EXERCISE –
For the entries below, the result should be an exact transcription of the lines from the one with "Blumenkasten bepflanzen im" up to and including the one with "House Wren (Northern) - ML497882481", and only those.

Stored items from a collection –
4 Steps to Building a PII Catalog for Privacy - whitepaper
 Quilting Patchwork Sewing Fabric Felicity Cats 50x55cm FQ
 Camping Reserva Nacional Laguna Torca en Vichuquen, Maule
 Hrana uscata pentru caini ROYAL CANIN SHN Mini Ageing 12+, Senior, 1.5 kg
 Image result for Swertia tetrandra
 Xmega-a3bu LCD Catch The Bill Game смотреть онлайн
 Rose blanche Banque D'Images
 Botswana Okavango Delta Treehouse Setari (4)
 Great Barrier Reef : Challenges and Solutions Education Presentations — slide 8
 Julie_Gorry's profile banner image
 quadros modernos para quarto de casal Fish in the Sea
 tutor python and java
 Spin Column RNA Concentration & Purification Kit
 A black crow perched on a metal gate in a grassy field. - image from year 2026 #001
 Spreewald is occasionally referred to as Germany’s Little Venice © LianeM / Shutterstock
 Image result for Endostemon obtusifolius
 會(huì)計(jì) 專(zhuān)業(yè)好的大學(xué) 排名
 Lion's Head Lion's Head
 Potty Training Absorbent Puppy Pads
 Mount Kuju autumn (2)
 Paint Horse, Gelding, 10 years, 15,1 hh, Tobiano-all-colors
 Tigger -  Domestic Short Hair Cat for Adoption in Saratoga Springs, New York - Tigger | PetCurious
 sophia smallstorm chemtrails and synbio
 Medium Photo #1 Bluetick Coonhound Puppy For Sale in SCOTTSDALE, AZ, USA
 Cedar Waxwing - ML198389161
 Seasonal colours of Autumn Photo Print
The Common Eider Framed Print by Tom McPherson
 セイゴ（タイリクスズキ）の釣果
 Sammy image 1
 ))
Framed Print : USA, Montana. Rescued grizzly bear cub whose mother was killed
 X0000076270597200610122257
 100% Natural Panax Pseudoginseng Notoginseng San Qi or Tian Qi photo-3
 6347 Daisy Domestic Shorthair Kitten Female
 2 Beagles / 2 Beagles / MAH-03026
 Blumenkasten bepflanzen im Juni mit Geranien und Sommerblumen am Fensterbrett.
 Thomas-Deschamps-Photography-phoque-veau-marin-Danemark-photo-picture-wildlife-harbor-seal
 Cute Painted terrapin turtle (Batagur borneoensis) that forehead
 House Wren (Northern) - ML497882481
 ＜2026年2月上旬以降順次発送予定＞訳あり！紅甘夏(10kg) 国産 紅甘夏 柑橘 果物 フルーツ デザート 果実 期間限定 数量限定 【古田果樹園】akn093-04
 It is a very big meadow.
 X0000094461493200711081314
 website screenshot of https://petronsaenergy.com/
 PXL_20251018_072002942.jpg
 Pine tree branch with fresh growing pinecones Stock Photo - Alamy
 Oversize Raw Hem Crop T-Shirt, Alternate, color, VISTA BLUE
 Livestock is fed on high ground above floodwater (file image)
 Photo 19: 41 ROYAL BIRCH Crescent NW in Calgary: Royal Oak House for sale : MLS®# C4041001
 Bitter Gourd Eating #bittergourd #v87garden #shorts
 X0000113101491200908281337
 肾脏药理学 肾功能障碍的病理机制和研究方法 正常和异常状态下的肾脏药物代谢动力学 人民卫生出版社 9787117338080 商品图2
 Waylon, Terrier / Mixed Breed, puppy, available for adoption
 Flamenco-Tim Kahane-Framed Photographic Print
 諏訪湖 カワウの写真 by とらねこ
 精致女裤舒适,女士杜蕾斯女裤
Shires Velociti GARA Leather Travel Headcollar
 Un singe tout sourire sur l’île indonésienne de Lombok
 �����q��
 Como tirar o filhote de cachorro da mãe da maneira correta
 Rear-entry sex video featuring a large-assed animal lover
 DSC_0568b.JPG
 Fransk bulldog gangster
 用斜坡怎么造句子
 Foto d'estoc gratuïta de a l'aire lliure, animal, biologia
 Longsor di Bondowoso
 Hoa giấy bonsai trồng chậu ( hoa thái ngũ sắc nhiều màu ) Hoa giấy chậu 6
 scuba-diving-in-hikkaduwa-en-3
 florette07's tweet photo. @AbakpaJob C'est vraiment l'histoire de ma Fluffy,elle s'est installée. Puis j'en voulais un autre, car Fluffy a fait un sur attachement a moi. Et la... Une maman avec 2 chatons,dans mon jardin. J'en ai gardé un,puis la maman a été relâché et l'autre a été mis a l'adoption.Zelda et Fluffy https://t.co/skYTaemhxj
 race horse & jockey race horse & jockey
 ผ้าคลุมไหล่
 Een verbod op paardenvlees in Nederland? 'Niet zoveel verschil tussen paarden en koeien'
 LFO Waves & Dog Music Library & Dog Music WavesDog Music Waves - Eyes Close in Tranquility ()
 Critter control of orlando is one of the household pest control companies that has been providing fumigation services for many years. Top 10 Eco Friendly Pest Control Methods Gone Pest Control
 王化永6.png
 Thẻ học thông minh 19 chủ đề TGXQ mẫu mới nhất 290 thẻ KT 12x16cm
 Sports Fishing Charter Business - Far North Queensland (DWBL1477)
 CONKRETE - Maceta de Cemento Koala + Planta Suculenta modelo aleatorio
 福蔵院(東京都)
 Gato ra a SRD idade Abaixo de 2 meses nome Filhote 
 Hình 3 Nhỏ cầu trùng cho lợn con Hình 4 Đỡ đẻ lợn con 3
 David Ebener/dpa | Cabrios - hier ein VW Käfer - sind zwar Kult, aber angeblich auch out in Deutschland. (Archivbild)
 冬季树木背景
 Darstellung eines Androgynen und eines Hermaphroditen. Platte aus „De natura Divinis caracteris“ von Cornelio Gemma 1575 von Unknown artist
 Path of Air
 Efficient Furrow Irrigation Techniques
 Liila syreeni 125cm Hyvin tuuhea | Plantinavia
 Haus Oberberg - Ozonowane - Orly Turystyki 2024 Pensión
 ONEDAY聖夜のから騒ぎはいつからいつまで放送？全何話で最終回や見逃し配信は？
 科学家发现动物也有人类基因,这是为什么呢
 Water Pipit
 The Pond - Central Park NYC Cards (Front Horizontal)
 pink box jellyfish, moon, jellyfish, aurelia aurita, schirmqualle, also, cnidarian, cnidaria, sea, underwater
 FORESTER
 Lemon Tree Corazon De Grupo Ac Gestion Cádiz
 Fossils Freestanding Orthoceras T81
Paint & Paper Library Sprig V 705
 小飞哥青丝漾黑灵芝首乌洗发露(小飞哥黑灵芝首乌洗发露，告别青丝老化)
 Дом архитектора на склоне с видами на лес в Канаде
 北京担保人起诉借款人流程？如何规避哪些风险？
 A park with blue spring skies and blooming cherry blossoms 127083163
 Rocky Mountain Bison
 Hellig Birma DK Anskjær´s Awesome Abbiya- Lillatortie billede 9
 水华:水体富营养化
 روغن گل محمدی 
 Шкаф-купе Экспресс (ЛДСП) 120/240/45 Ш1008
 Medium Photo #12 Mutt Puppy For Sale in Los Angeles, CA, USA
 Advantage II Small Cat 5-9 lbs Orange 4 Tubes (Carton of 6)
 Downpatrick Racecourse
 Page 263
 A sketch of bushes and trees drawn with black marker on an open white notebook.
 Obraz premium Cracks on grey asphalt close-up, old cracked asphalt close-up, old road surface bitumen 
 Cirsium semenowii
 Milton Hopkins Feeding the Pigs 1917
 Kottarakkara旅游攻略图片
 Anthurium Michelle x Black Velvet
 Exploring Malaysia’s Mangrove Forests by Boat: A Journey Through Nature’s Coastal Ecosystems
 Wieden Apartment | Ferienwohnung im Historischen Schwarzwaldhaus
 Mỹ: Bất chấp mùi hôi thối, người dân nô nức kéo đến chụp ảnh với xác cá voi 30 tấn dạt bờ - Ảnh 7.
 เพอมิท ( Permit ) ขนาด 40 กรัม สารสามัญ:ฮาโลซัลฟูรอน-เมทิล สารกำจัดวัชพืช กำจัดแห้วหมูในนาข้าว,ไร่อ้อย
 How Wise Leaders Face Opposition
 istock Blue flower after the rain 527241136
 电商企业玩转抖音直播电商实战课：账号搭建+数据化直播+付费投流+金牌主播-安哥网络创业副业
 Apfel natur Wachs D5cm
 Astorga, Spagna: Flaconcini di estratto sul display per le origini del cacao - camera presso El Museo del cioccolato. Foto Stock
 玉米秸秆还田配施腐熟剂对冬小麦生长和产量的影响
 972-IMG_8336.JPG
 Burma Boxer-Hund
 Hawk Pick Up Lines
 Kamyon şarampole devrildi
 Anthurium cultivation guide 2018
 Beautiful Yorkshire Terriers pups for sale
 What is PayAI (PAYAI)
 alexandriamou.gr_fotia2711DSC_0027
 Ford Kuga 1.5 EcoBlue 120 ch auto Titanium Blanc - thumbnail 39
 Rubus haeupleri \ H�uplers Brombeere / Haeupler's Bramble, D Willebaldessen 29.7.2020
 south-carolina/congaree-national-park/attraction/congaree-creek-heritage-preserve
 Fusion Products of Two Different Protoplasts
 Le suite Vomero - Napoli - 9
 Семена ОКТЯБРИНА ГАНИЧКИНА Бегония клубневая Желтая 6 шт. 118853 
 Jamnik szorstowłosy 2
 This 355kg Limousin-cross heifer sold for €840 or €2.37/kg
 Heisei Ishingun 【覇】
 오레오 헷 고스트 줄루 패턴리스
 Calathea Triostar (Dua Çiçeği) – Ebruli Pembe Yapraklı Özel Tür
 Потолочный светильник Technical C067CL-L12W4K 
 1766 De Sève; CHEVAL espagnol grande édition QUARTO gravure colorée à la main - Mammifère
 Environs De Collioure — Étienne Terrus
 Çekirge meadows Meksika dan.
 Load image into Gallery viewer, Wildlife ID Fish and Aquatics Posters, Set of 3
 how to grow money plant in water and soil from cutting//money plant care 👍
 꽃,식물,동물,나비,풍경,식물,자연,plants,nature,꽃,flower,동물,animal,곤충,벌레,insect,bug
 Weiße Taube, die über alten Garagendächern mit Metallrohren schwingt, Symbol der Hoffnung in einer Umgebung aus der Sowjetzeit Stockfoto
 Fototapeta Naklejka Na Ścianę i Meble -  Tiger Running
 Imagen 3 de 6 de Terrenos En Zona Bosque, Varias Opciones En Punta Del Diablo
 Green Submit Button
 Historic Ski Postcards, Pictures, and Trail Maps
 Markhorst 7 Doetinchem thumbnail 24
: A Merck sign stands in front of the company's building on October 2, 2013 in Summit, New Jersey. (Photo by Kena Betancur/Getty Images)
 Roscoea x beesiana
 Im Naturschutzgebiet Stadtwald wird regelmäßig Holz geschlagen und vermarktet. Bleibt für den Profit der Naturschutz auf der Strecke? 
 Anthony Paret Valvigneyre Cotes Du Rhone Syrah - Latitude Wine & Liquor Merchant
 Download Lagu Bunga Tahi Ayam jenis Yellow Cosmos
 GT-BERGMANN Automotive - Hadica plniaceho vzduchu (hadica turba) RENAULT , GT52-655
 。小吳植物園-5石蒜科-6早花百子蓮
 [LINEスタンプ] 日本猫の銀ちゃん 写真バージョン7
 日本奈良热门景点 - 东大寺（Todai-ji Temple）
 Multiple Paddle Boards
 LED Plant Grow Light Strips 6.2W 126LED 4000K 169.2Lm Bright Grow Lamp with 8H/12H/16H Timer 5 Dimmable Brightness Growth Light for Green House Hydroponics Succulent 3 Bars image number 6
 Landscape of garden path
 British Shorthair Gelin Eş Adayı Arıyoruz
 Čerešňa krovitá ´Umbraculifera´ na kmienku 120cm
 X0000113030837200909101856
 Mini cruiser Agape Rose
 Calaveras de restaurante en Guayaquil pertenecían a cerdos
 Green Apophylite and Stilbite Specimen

ANSWER FOR THE TASK –
 Blumenkasten bepflanzen im Juni mit Geranien und Sommerblumen am Fensterbrett.
 Thomas-Deschamps-Photography-phoque-veau-marin-Danemark-photo-picture-wildlife-harbor-seal
 Cute Painted terrapin turtle (Batagur borneoensis) that forehead
 House Wren (Northern) - ML497882481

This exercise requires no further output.